With difficulty she raised her head. Through the flicker of ash and glass, as the world wavered, she saw figures of ash kneeling around her. No longer nothing but broken limbs, they were whole people, staring at her eyes like the palest clouds.
“You can’t be here,” she said, uncomprehending. “I am still Arwa. Still myself.”
“Your mind is full of ash,” Iria said. She was no child any longer. She was a woman grown, with keen dark eyes and a braid of curling hair thrown over her shoulder. Her face was a thing carved of dust. “We are with you. Within you. And you haven’t the sense to keep us distant.”
Were those Iria’s words or Arwa’s own? Now that she was paying attention, forcing herself to think through the pain, she could taste the ash through the iron of blood in her mouth. She could feel the tug of the ash clouding her mind, the way the memories of her long dead were unfurling within her.
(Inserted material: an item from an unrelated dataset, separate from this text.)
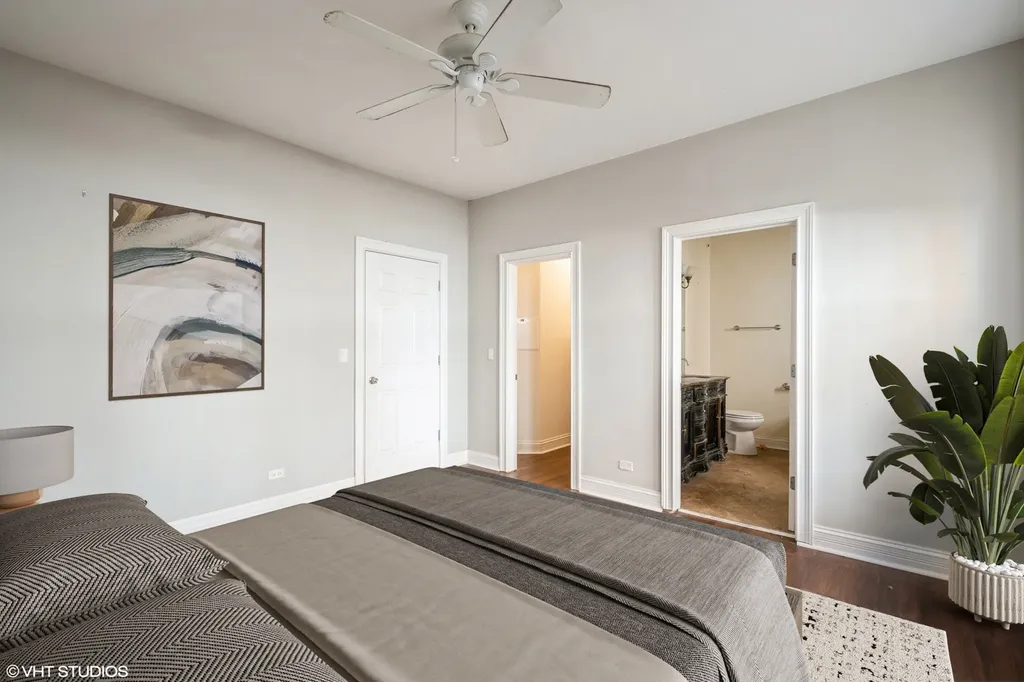7018 South Paxton Avenue Chicago IL 60649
“I suppose,” Arwa gritted out, “that dying has made a fool of me.”
“No,” said Nazrin. Her ash was missing a great gout at the neck, leaving nothing but a void where her dagger had sliced her own artery through. “You simply don’t want to die alone. There is nothing foolish about that.”
Arwa swallowed. But she was alone. That was the truth.
“I don’t want to be in pain anymore,” whispered Arwa. “I don’t.”
The ash moved in her head. A great whirl of it.
“Then you know what to do,” Nazrin said gently.
Yes. Arwa knew.
She needed to go to a place where she was not flesh. Where the pain would be a distant thing—bound to her only by thin roots of blood. She closed her eyes. Breathed deep and slow. She did not need anything but her own will.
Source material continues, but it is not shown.